** Problem **
Leaving out the images, please reproduce each line below exactly.

** Data segment **
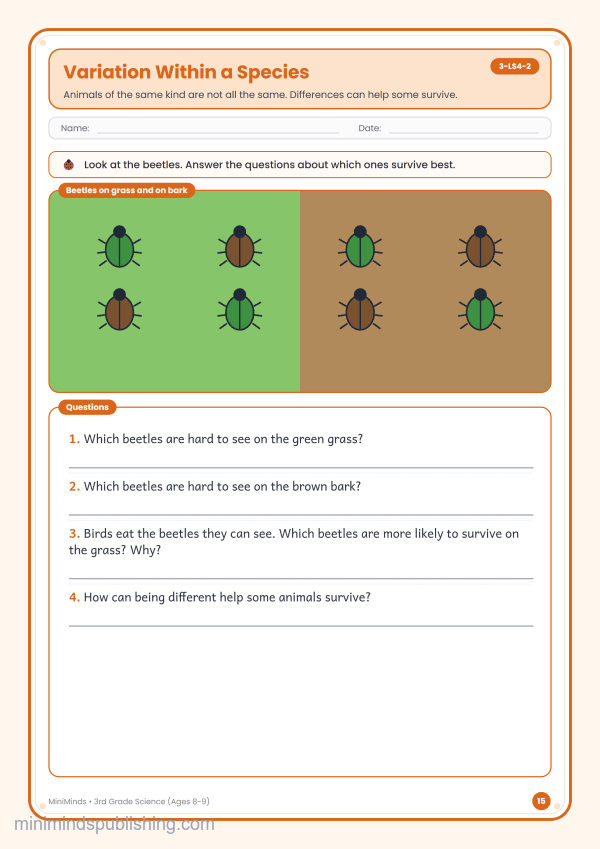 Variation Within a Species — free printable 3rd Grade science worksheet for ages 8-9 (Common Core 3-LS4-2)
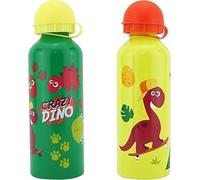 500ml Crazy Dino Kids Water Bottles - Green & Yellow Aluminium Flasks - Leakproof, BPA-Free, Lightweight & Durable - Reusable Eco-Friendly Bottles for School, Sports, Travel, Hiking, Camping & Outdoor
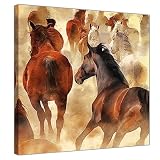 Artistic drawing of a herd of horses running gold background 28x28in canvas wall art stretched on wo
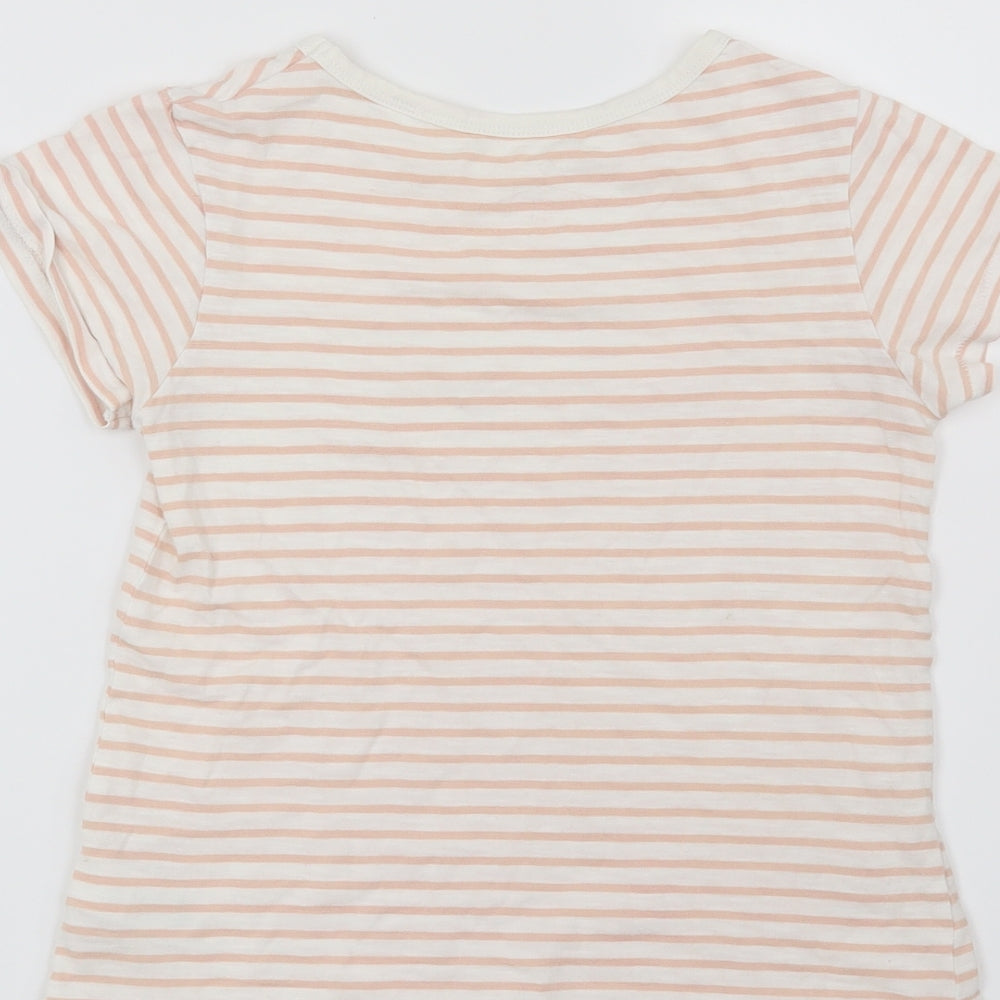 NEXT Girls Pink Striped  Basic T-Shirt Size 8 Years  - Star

** Solution for this exercise **
 Variation Within a Species — free printable 3rd Grade science worksheet for ages 8-9 (Common Core 3-LS4-2)
 500ml Crazy Dino Kids Water Bottles - Green & Yellow Aluminium Flasks - Leakproof, BPA-Free, Lightweight & Durable - Reusable Eco-Friendly Bottles for School, Sports, Travel, Hiking, Camping & Outdoor
 Artistic drawing of a herd of horses running gold background 28x28in canvas wall art stretched on wo
 NEXT Girls Pink Striped  Basic T-Shirt Size 8 Years  - Star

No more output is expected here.